Observations were shared about the low participation by IF players in the private equity and venture capital markets. Such investments are regarded as riskier due to their longer term period and because they are illiquid. The consensus was that unless the risk assessment framework adopted by financial institutions was tweaked to take into account the prevailing market demands, few IF industry players would be prepared to expand into this type of financing.
Such stringent risk evaluation methodologies also limit the incentive to expand operations overseas in emerging markets where there is long term growth potential, such as in Morocco, Bangladesh or even Afghanistan.
Risks associated with business ventures in non-traditional markets have to be understood in different ways and risk appetites reviewed.
The halal industry domestically and worldwide is projected to grow significantly, and the IF industry can expect to play a higher profile role in financing their activities. Halal business operators are urging IF institutions to be more open to supporting their businesses.
IF specialists needed
Among the points brought up by the speakers was that IF training and education in Malaysia was producing competent generalists but too few specialists. Even the BNM Governor acknowledged the need to aggressively address this deficiency through concerted efforts by both industry players and regulators alike.
A thriving and innovative IF marketplace needs talent with a strong knowledge in value propositions and a capacity to initiate product development in creative ways.
Malaysia is a prime mover in pushing the advance of IF and banking. The GIFF 2014, with its theme “Marketplace for Global Linkages”, was a useful and timely platform to reflect on the industry’s performance and future direction.
Awarded once every two years, the Royal Award is conferred by BNM jointly with the Securities Commission Malaysia under the Malaysia International Islamic Financial Centre initiative.

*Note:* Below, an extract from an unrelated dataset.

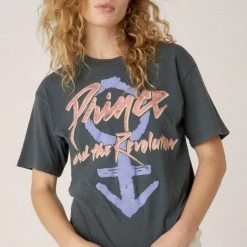 TOPS DAYDREAMER Prince Love Symbol Weekend Tee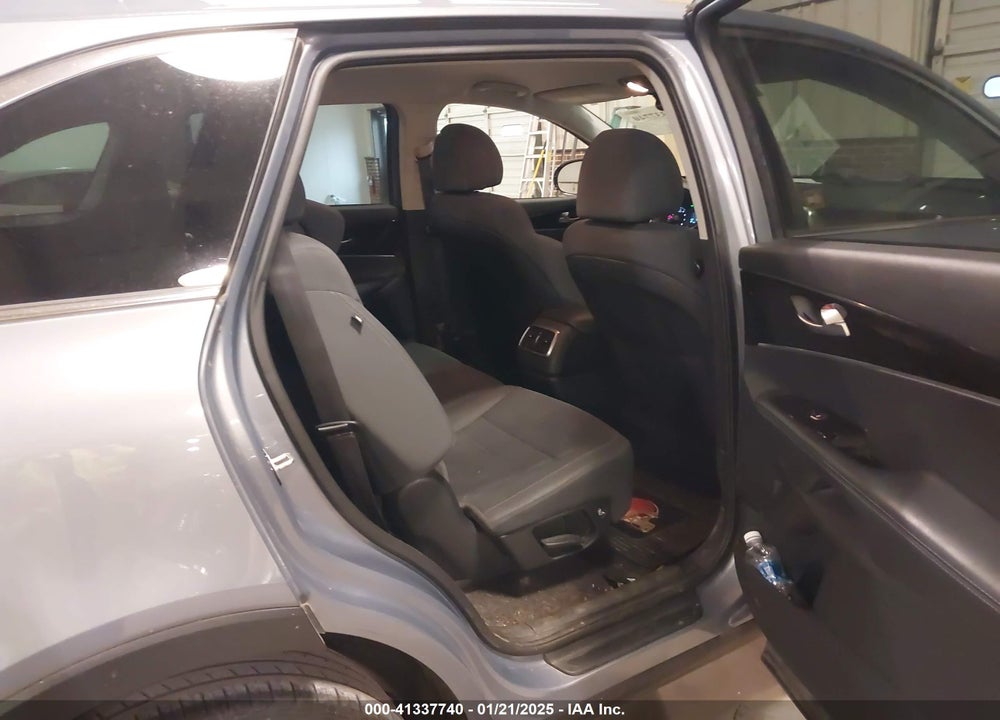 2020 KIA SORENTO 2.4L L VIN: 5XYPG4A38LG629076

The Royal Award recognises visionaries in IF whose contributions to the global economy and social progress of communities around the world are considered unprecedented and significant.
Abdul Halim, who is the first Malaysian recipient of the award, received a medallion, a certificate of recognition and US$250,000 (RM792,500).
Note: The Malaysian Government has since announced measures to further strengthen Malaysia’s Islamic Financial Market during last Friday’s Budget 2015 announcement. Excerpts:
- Currently, the Malaysian Islamic finance accounts for 25% of total assets in the banking system. Internationally, Malaysia remains as the largest sukuk market accounting for 60% of the global sukuk market.
- The Government will introduce a new shariah-compliant investment product in 2015 called the Investment Account Platform (IAP). IAP will provide opportunities to investors in financing entrepreneurial activities and developing viable SMEs. At the same time, IAP will be a platform to attract institutional and individual investors including high net worth individuals to invest in the Islamic financial market. Initially, IAP will be implemented with a startup fund of RM150 million.
- To promote investment in IAP, the Government proposes individual investors be given income tax exemption on profits earned from qualifying investment for three consecutive years.
- To boost domestic sukuk and bond issuance and trading, the Government introduced the Exchange Traded Bond and Sukuk (ETBS) in January 2013. The Government proposes that the Malaysian Government Securities and Government Investment Issues be listed and traded in ETBS.
- In addition, expenses incurred in the issuance of sukuk are given deduction from year of assessment 2003 until year of assessment 2015. Therefore, it is proposed that deduction for expenses incurred in the issuance of sukuk based on Ijarah and Wakalah principles be extended for another three years until year of assessment 2018.